Teaching a dog not to pull who is already a well established puller can be alot of work but it is well worth it in the long run. To start off with get a Premier face or body harness. Next comes the work; no walking if your dog is pulling. Quite a statement; hmmmmmm how to walk without pulling. This may mean that you need to get rid of some excess energy first; an off leash major romp helps in the beginning. Once your dog is tired; you will have much better results. Even if you are simply going to the dog park to let them rip; you should not allow your dog to drag you there.

Babysteps are the only way to go; your first goal is to take one step with no pulling, treat and praise. Teaching your dog not to pull is much easier if you have a dog that pays attention to you. If your dog is totally focused on environmental stimulus it is much more difficult; so basic training in general is a good idea. Will your dog do a sit, down, stay and come on leash at the park? If not get to work.

From one step success you can quickly get two, three and more steps without pulling if you stay focused and your dogs is focused as well. Bring out the big gun treats; chicken, liver, steak, ball or favorite fluffy toy. Your dog cannot keep her attention on you and pull out in front not paying attention at the sametime. So often the problem is simply a lack of guidance from an owner.

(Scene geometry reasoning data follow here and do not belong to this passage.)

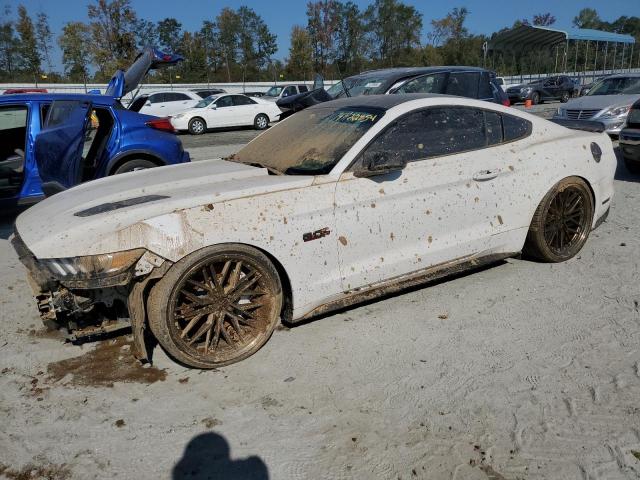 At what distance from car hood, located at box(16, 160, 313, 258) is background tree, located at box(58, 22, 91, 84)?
152 ft

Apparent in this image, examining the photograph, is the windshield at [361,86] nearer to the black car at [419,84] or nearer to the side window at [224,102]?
the black car at [419,84]

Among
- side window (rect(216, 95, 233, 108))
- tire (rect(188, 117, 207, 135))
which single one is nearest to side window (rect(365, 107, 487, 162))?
tire (rect(188, 117, 207, 135))

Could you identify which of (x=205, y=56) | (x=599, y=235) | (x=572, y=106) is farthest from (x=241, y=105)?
(x=205, y=56)

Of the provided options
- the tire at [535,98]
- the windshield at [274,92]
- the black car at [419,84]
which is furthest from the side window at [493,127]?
the tire at [535,98]

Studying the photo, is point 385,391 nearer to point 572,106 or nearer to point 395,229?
point 395,229

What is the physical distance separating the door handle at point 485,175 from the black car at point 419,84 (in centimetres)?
474

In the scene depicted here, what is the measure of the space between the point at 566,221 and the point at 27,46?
52.7 metres

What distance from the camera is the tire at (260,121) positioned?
20.7 m

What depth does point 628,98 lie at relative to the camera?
11.3m

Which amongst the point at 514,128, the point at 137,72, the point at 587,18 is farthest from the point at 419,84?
the point at 587,18

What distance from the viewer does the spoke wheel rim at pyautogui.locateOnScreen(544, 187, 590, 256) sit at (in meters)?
4.31

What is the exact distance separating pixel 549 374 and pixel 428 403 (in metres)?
0.77

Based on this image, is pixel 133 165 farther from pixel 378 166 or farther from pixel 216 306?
pixel 378 166

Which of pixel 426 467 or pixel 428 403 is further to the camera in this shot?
pixel 428 403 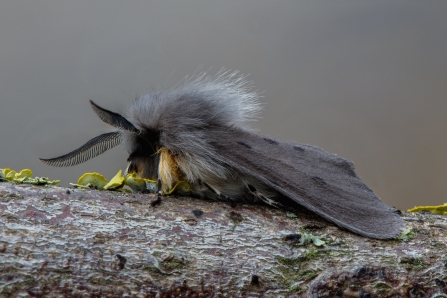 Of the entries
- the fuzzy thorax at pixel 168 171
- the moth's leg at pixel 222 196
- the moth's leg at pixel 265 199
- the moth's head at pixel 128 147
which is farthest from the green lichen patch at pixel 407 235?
the moth's head at pixel 128 147

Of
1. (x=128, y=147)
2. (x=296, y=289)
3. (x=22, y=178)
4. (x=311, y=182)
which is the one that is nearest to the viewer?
(x=296, y=289)

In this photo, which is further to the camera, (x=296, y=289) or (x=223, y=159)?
(x=223, y=159)

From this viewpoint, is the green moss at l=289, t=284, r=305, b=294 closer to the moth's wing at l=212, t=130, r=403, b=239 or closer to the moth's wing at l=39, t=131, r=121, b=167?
the moth's wing at l=212, t=130, r=403, b=239

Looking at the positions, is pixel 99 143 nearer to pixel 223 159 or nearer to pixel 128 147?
pixel 128 147

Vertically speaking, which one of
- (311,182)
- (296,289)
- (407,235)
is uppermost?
(311,182)

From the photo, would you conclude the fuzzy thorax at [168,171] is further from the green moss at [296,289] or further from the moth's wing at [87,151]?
the green moss at [296,289]

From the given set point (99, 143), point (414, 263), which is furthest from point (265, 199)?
point (99, 143)

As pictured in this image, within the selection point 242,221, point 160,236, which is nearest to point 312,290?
point 242,221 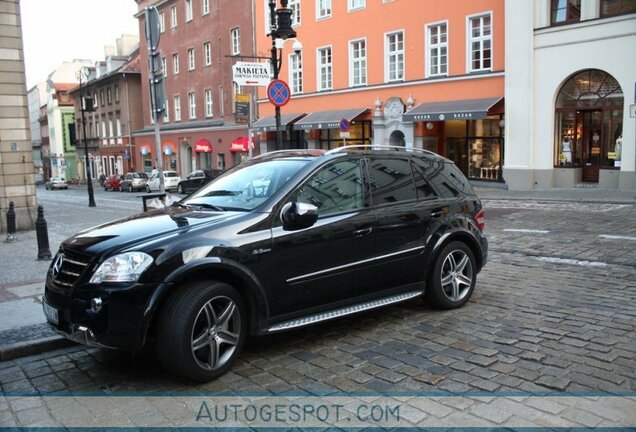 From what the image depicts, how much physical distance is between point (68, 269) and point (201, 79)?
1696 inches

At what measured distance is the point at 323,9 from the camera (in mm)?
32938

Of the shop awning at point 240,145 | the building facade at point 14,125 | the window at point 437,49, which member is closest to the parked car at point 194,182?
the shop awning at point 240,145

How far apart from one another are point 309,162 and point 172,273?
67.7 inches

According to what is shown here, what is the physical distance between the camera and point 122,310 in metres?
4.19

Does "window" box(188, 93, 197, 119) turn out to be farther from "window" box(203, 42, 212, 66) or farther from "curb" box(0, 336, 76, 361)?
"curb" box(0, 336, 76, 361)

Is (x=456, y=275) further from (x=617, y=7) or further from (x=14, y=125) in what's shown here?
(x=617, y=7)

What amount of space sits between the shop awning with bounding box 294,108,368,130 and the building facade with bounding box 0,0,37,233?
17.1 metres

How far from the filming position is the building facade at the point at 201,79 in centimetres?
4069

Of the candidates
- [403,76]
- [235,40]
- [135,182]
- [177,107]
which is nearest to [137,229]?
[403,76]

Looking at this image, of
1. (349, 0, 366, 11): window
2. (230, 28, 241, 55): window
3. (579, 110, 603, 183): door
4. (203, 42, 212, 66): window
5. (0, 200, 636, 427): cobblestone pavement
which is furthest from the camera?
(203, 42, 212, 66): window

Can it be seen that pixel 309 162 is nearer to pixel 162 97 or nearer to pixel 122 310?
pixel 122 310

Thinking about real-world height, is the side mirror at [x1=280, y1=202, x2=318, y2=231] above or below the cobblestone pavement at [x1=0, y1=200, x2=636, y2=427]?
above

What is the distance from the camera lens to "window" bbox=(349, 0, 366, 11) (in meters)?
30.3

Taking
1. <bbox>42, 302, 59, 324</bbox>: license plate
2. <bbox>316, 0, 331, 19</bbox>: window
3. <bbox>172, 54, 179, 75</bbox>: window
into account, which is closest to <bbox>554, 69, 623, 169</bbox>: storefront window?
<bbox>316, 0, 331, 19</bbox>: window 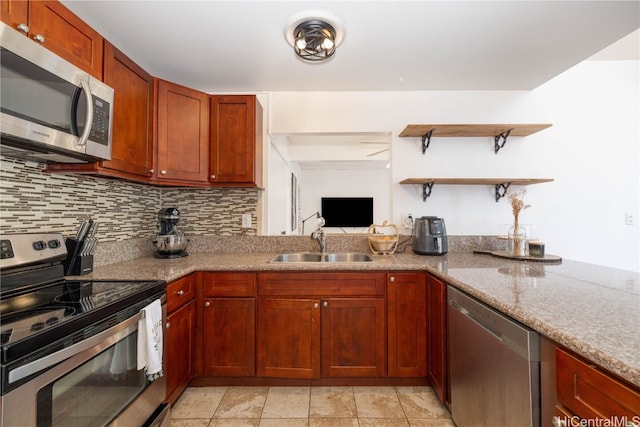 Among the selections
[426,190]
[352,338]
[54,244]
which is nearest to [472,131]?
[426,190]

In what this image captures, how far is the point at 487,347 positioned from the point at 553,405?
292 mm

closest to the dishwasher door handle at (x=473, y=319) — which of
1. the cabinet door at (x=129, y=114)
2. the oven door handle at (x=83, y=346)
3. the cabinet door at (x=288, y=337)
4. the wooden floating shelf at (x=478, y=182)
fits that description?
the cabinet door at (x=288, y=337)

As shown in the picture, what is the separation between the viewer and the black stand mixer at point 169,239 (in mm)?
1932

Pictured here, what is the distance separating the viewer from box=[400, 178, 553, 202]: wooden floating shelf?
81.7 inches

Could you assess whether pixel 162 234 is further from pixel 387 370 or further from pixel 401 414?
pixel 401 414

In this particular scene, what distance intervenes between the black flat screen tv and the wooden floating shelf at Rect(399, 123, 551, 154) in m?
3.54

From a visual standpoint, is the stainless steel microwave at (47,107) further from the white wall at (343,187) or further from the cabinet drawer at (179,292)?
the white wall at (343,187)

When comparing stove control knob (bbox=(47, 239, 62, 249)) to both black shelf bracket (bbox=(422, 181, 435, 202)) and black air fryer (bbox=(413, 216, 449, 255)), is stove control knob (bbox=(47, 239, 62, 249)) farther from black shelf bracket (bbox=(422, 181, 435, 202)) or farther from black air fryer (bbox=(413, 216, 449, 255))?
black shelf bracket (bbox=(422, 181, 435, 202))

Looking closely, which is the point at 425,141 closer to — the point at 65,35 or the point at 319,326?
the point at 319,326

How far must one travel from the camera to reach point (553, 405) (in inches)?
31.5

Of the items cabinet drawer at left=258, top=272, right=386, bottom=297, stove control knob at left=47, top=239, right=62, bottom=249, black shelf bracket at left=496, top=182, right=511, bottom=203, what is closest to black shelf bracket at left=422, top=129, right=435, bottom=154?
black shelf bracket at left=496, top=182, right=511, bottom=203

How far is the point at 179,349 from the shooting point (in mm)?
1566

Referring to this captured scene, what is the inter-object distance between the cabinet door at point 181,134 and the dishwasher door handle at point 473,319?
182 cm

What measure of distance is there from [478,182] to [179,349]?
7.91 feet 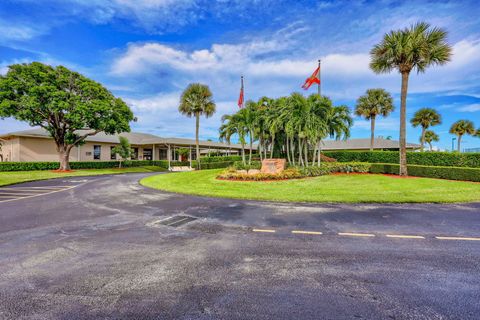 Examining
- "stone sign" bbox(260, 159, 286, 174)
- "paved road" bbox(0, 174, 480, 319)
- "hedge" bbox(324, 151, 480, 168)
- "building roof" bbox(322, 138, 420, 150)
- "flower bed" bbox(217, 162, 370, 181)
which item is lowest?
"paved road" bbox(0, 174, 480, 319)

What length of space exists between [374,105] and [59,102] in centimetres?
3736

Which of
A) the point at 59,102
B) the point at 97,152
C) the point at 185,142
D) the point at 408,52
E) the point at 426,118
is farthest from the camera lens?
the point at 426,118

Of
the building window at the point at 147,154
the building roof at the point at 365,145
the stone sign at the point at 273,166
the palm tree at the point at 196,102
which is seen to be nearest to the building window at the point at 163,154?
the building window at the point at 147,154

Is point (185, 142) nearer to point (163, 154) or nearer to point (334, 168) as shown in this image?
point (163, 154)

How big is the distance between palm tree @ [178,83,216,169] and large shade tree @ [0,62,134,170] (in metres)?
7.32

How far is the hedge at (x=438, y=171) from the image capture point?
1484 centimetres

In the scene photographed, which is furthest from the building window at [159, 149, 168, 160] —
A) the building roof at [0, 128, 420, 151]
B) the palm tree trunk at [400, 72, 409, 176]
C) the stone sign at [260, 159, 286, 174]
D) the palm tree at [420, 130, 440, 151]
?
the palm tree at [420, 130, 440, 151]

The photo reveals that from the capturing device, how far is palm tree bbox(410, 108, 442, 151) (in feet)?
118

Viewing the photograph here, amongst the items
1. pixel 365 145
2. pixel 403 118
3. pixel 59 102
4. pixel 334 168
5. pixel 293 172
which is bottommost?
pixel 293 172

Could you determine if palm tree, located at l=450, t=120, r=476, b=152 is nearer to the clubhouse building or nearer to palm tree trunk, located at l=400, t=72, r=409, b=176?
the clubhouse building

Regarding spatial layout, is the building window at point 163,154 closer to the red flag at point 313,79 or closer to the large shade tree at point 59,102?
the large shade tree at point 59,102

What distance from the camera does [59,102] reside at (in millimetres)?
21016

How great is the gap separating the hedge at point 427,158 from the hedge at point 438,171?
3.18 meters

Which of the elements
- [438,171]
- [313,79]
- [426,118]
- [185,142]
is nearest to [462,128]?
[426,118] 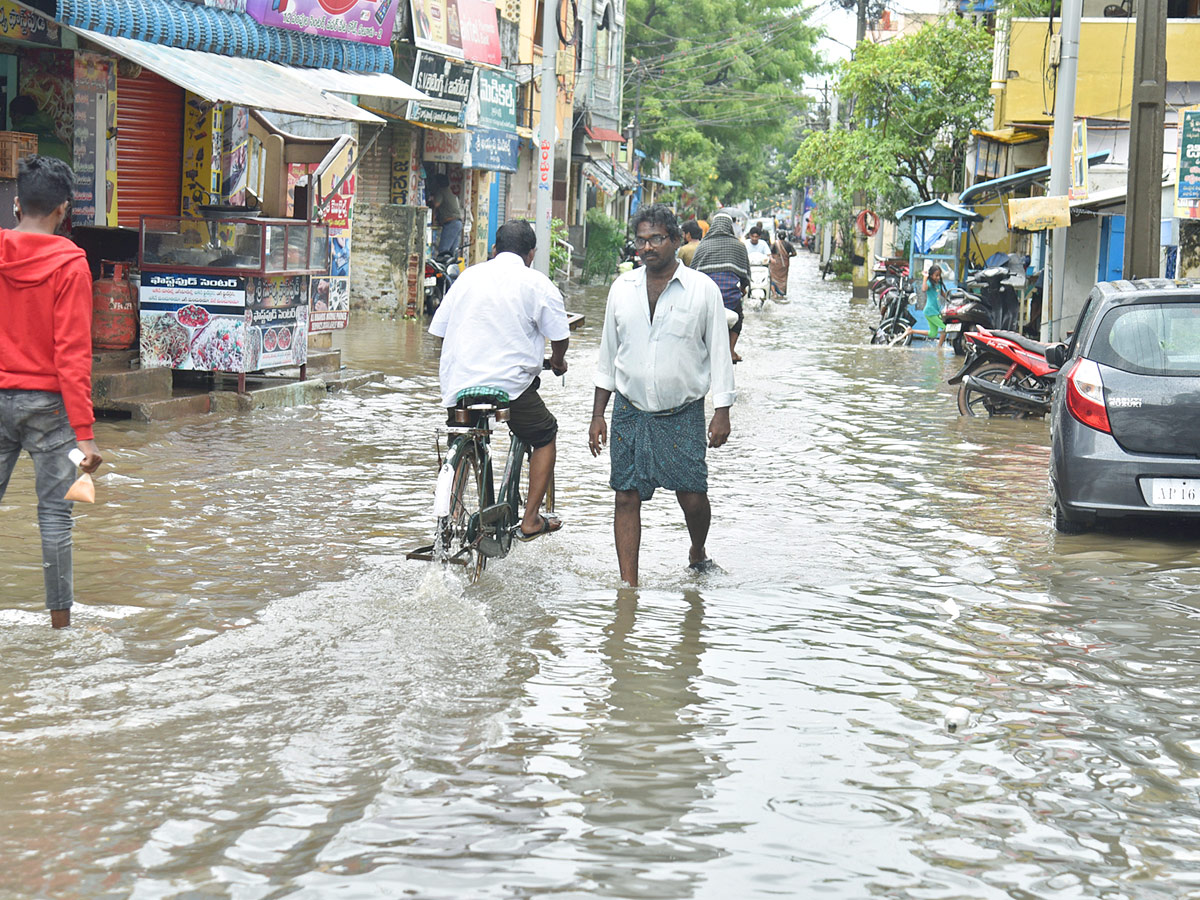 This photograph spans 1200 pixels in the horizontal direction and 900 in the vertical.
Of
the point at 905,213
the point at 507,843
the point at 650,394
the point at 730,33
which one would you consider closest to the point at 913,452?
the point at 650,394

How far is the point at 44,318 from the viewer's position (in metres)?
6.01

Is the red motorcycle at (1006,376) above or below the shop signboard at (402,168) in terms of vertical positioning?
below

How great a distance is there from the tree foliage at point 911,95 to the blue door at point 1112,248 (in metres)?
11.8

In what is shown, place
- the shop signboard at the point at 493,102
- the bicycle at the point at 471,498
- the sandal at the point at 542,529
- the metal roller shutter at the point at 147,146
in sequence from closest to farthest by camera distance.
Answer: the bicycle at the point at 471,498 < the sandal at the point at 542,529 < the metal roller shutter at the point at 147,146 < the shop signboard at the point at 493,102

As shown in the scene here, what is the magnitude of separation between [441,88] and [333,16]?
8975mm

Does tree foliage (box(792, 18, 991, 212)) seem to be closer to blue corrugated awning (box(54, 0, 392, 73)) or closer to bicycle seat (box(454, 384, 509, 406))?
blue corrugated awning (box(54, 0, 392, 73))

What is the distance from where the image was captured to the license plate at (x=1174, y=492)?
8.61 meters

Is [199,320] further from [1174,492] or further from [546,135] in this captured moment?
[546,135]

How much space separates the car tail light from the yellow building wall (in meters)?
15.9

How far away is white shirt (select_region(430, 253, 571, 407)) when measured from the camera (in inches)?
292

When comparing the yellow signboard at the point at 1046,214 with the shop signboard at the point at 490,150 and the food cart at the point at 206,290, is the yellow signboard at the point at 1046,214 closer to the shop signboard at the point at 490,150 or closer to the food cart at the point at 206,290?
the food cart at the point at 206,290

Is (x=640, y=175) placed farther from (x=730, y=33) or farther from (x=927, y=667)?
(x=927, y=667)

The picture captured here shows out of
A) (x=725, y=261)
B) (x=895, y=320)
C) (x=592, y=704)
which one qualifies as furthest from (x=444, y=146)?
(x=592, y=704)

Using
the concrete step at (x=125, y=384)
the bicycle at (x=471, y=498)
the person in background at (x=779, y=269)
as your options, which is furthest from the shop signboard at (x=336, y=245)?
the person in background at (x=779, y=269)
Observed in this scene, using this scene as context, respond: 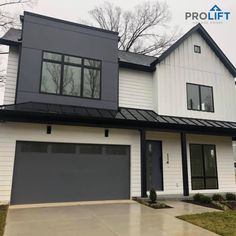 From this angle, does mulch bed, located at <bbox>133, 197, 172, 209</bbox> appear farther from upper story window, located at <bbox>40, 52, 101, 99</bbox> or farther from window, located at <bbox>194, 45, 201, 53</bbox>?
window, located at <bbox>194, 45, 201, 53</bbox>

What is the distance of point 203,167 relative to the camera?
11.3m

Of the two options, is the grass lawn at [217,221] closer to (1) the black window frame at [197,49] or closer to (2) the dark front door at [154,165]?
(2) the dark front door at [154,165]

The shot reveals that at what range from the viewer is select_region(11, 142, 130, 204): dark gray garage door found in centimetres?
826

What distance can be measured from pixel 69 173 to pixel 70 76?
4.04 m

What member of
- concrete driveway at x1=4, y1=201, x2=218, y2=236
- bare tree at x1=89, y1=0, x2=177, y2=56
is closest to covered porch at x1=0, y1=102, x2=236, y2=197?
concrete driveway at x1=4, y1=201, x2=218, y2=236

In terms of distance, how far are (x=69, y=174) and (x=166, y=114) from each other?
17.2 feet

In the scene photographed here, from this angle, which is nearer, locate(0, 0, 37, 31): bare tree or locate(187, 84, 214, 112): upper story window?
locate(187, 84, 214, 112): upper story window

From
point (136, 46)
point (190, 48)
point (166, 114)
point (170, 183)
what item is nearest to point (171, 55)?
point (190, 48)

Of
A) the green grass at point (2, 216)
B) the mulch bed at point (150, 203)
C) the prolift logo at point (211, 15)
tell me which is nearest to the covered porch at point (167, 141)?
the mulch bed at point (150, 203)

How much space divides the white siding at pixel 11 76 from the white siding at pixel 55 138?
1.35m

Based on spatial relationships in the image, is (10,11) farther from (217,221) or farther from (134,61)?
(217,221)

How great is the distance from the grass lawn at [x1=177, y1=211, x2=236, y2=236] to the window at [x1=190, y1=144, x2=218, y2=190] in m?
3.87

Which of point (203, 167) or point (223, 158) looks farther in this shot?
point (223, 158)

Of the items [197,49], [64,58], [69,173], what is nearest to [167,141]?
[69,173] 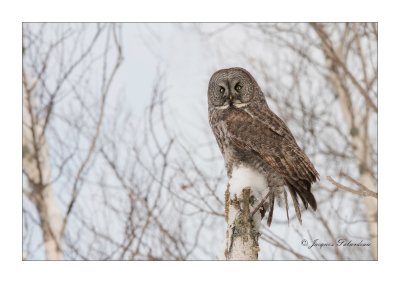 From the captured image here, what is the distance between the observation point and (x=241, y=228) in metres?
2.84

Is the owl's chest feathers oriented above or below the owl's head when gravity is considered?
below

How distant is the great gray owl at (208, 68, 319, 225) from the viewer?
3.08 meters

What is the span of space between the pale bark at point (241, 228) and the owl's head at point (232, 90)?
2.70 feet

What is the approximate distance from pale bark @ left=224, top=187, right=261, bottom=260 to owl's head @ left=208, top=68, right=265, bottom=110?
822mm

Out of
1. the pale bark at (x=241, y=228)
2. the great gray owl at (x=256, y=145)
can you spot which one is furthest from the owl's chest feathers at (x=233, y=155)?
the pale bark at (x=241, y=228)

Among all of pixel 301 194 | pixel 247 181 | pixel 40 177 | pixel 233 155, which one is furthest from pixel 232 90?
pixel 40 177

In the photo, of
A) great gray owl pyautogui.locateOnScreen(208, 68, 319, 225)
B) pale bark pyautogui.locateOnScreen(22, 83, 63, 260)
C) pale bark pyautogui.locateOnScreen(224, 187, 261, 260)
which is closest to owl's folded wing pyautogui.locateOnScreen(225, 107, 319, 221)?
great gray owl pyautogui.locateOnScreen(208, 68, 319, 225)

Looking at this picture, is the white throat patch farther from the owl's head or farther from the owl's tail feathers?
the owl's head

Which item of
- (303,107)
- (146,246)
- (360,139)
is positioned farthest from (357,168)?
(146,246)

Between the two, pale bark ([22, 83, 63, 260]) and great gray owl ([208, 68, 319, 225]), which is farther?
pale bark ([22, 83, 63, 260])

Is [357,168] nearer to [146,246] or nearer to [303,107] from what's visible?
[303,107]

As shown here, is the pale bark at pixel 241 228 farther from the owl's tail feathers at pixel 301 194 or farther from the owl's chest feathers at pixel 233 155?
the owl's chest feathers at pixel 233 155

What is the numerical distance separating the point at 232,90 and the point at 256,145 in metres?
0.55

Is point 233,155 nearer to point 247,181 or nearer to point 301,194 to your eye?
point 247,181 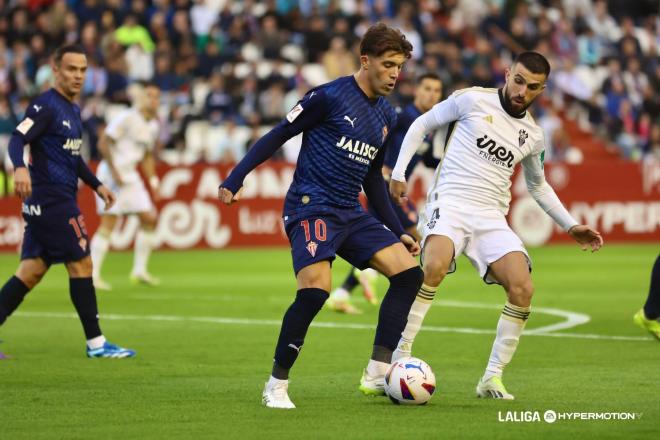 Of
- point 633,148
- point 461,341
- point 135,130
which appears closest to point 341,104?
point 461,341

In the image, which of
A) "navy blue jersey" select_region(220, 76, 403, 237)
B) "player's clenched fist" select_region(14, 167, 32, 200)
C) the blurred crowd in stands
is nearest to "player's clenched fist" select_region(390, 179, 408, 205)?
"navy blue jersey" select_region(220, 76, 403, 237)

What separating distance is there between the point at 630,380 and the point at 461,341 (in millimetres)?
2739

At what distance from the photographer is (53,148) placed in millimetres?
10500

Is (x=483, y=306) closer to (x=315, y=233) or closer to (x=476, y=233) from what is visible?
(x=476, y=233)

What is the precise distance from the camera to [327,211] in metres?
8.03

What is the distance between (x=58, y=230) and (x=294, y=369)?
239 cm

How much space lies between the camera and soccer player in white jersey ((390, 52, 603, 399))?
8.47m

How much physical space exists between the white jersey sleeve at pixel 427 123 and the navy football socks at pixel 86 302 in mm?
3332

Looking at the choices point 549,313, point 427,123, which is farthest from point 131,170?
point 427,123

Once you can get a couple pull free steps you will need to achieve more steps and eventually be walking again. The rule should always be that a tight leash results in stoppage; once the dog offers a loose leash by backing up or coming back to you, you immediately praise and walk. Timing is everything; immediate stop and start upon pulling and slacking is essential. Also; talk to your dog when they are walking loosely. I carry on huge conversations; lots of happy talk and stop talking immediately if there is pulling. Treat along the way while your dog is not pulling. "See how great it is not to pull? You get treats for not pulling." Also use your obedience while on walks; don't create a mindless walk where the dog with an active mind seeks out his own entertainment. Do lots of sits and downs along the way as well.

Luke is my sled dog; always has been. Luke is also a reactive dog; which simply means that every emotion he has is bigger than life. His reaction to everything is very obvious and he becomes over stimulated easily; so when he is going for a walk, he is very excited. This can be very difficult to stop; but what you can do is to teach an excited dog to be more calm by example. Becoming stressed; flustered or excited fuels a reactive dog so you have to go over the top to be chill.

Never yank on a dog's neck to stop them from pulling. One it is very damaging to their neck and two; you pull the dog pulls back. It is a loosing scenario for all.